Carriageworks was a vibrant and colourful affair this morning, as fashion-goers congregated for the debut AAFW runway show from contemporary Australian womenswear brand Alémais.

Creative Director Lesleigh Jermanus pulled from decades past, weaving together bold 70s-inspired prints, mystic appliqués, structured shoulders and fantastical fringing to create a collection of garments that would look just as at home on the dance floor of Studio 54 as they would on the next season of The White Lotus. A highlight: floral sets made from regenerative orange peel fabrication, and a hand-beaded silk organza gown with an exaggerated ‘Catherine Baba bow’. Keeping the vibes immaculately high, models finished the show with a curtain call walk to Bowie's Let's Dance.

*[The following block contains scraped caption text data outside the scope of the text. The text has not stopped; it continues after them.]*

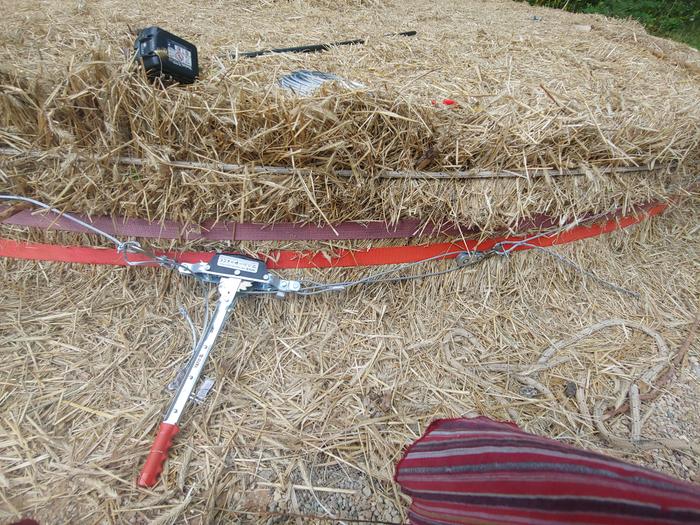 Finally secured the foundation with cable before disconnecting the ratchet straps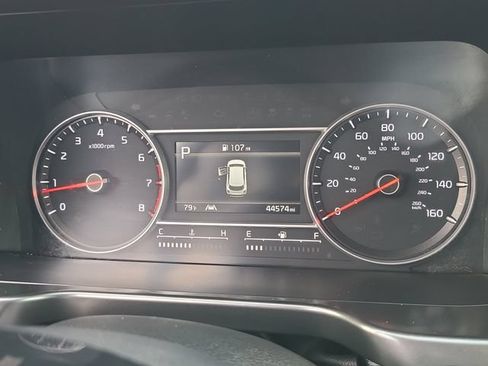 Used 2023 Kia Sorento LX FWD image 26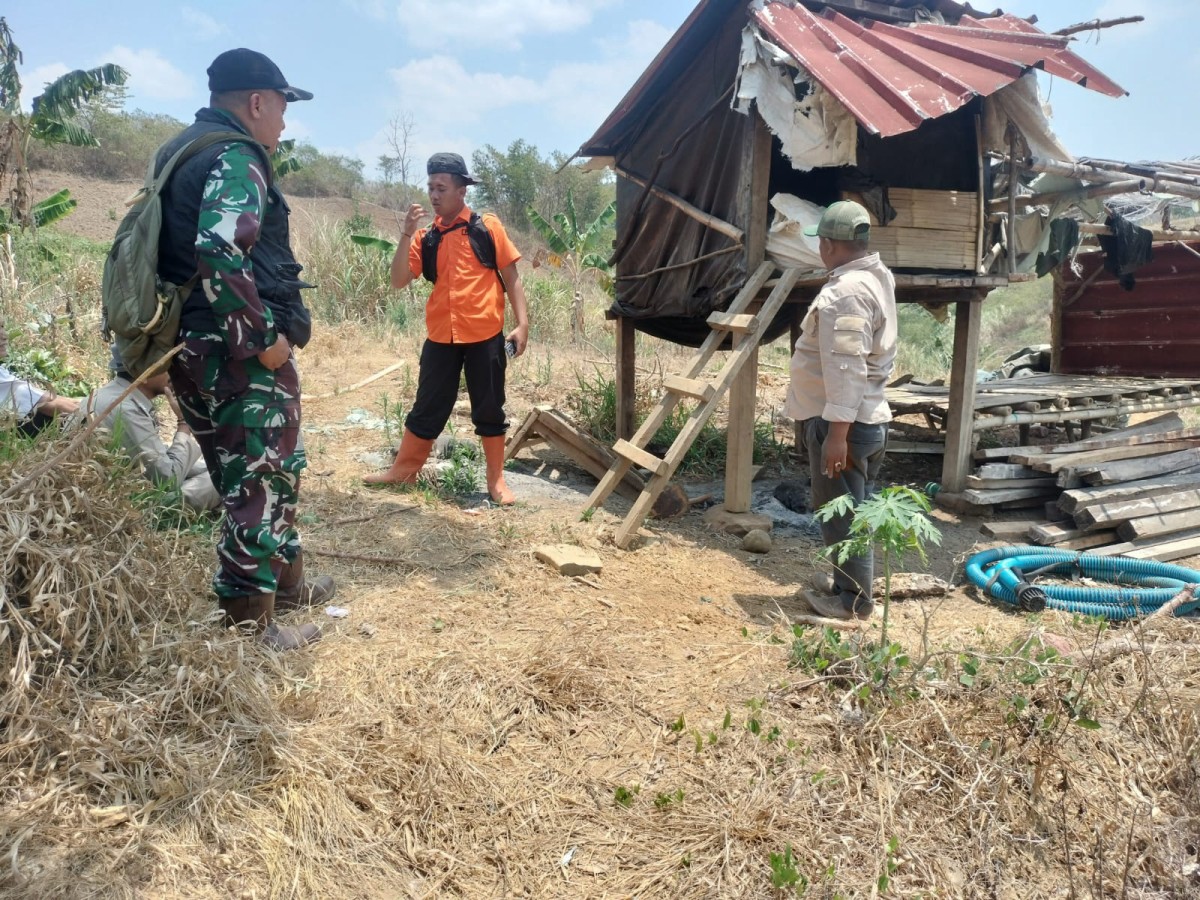 Danramil 2209/Lengkong Bersama Forkopimcam Tertibkan Penambangan Ilegal di Lahan Perkebunan Naga Warna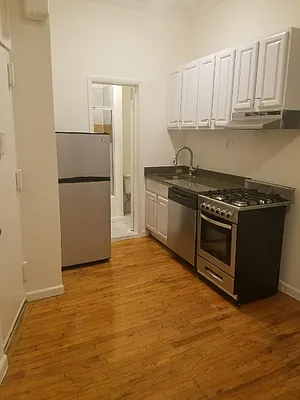 Rented by Skyline Realty LLC II | media 11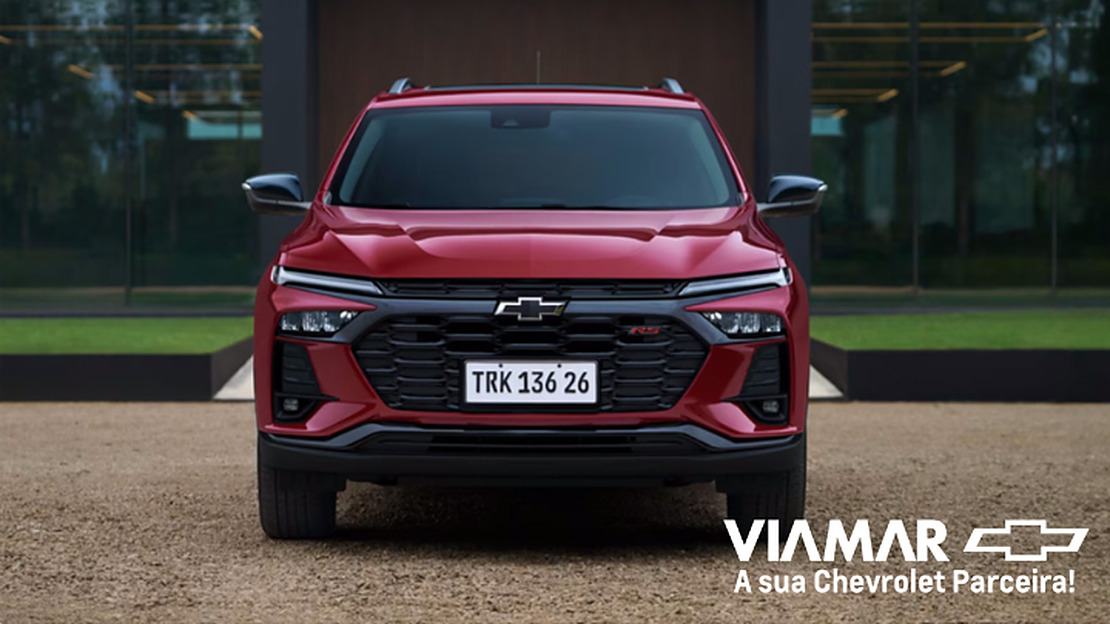 Chevrolet Tracker, SUV compacto, visto de três quartos em via urbana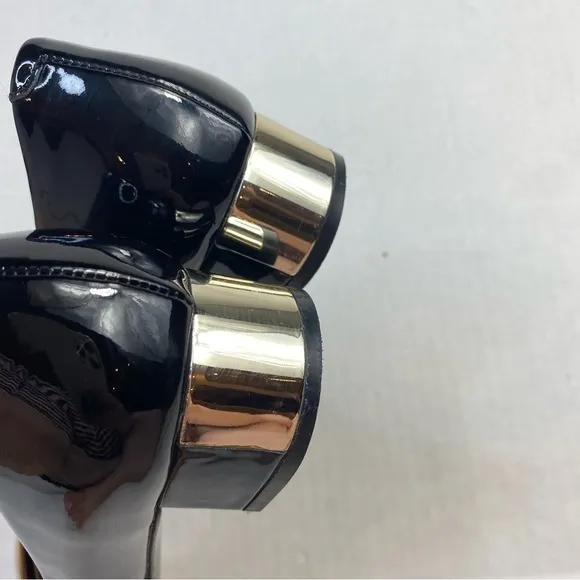 Stella Luna Black Pointed Toe Womens Shoes Block Low Heel Sz 37 Gold Metallic.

11am: St Agni takes us on a piloted journey of futuristic minimalism

St Agni's signature elevated minimalism was punctuated by liquid-look chrome bralettes, underwear as outerwear, pleated boxy tops, backwards businesswear, raw and natural hems, and paired with oversized and undersized leather accessories - either clutched under arms or tied around waists. The show was a masterclass in untroubled elegance.



12:30pm BONDI BORN's harbour-side show places focus on the archetypal tropical idyll

Contemporary Australian swim and resort-wear brand BONDI BORN debuted their Resort 24 collection LEVIQUE at an ex-industrial heritage-listed site in the afternoon. Twisting roped sandals grounded billowy looks of silk and linen, alongside sleek swimwear made from eco-certified, Italian-milled fabrics. Inspired by the saturated colour palette of North West Australian coastlines, the show was a nod to the long summer days and nights we've spent sun-soaked and waterside.


7pm: Michael Lo Sordo celebrates a sultry decade in fashion

Celebrating a milestone ten years in the fashion business, Michael Lo Sordo's 14th runway presentation at AAFW unveiled his highly anticipated Resort 24 collection. Paraded under ambient red mood lighting, and set to the soundtrack of a live orchestra, the collection explored sultry French ideals through silken lounge sets, plunging lace necklines, leather trenches and crystal-knit minis – all grounded by sleek footwear from Charles & Keith. Audiences were grouped at small tables, where they were served refreshments upon arrival in sparkling Waterford crystal glassware.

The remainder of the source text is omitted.